Please set down, word for word, the line that contains "Digitus 2 Portu" and every line after it to the end of the entries below, omitting the pictures.

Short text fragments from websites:
________________

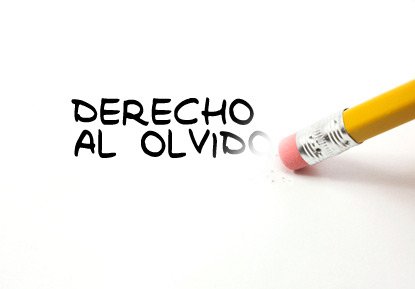 Ejercer derecho al olvido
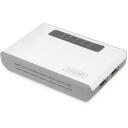 Digitus 2 Portu USB 2.0 Bezvadu Multifunkcionāls Tīkla Serveris DN-13024, 300 Mbit/s, 2 USB 2.0 porti, 64 MB atmiņa, 128-bit WEP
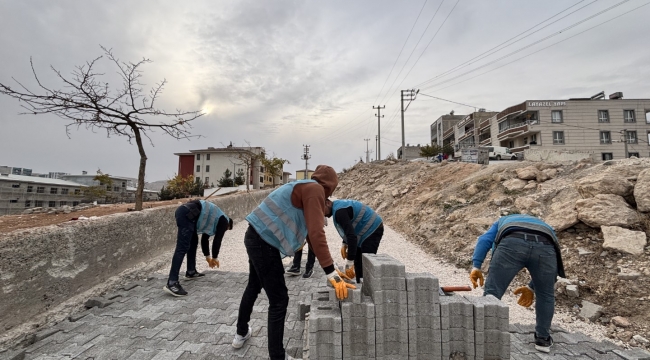 Eyyübiye Sokaklarında Çalışmalar Devam Ediyor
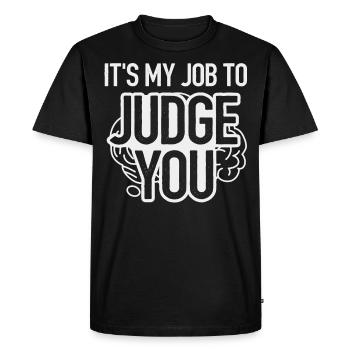 Psychologue, psychiatre, psychanalyste - T-shirt Premium bio Homme - noir - Devant - Nico (187cm)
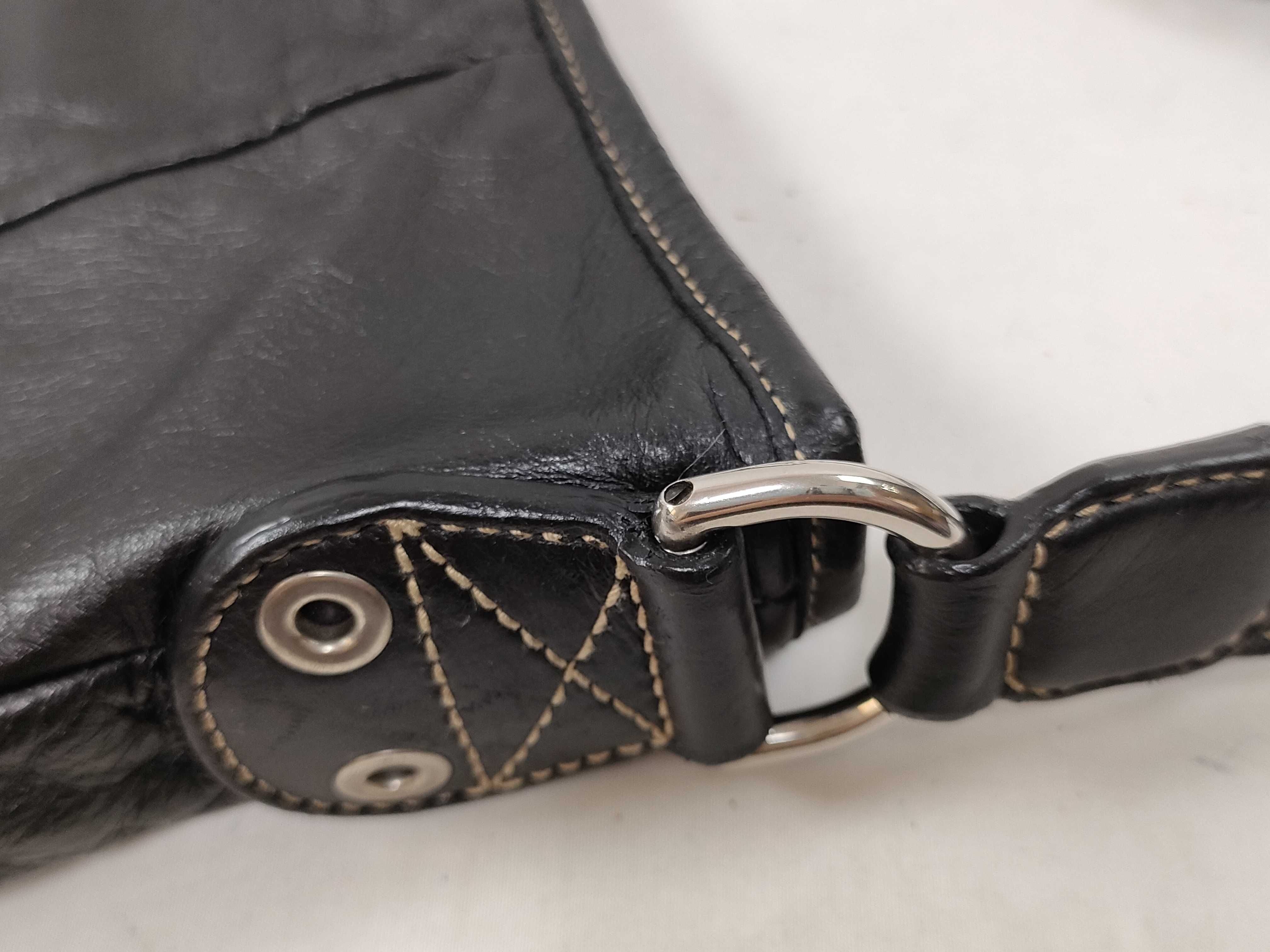 Hysteria Leather Shoulder Bag, Black, Serial Number — view 5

________________

§ Output:
 Digitus 2 Portu USB 2.0 Bezvadu Multifunkcionāls Tīkla Serveris DN-13024, 300 Mbit/s, 2 USB 2.0 porti, 64 MB atmiņa, 128-bit WEP
 Eyyübiye Sokaklarında Çalışmalar Devam Ediyor
 Psychologue, psychiatre, psychanalyste - T-shirt Premium bio Homme - noir - Devant - Nico (187cm)
 Hysteria Leather Shoulder Bag, Black, Serial Number — view 5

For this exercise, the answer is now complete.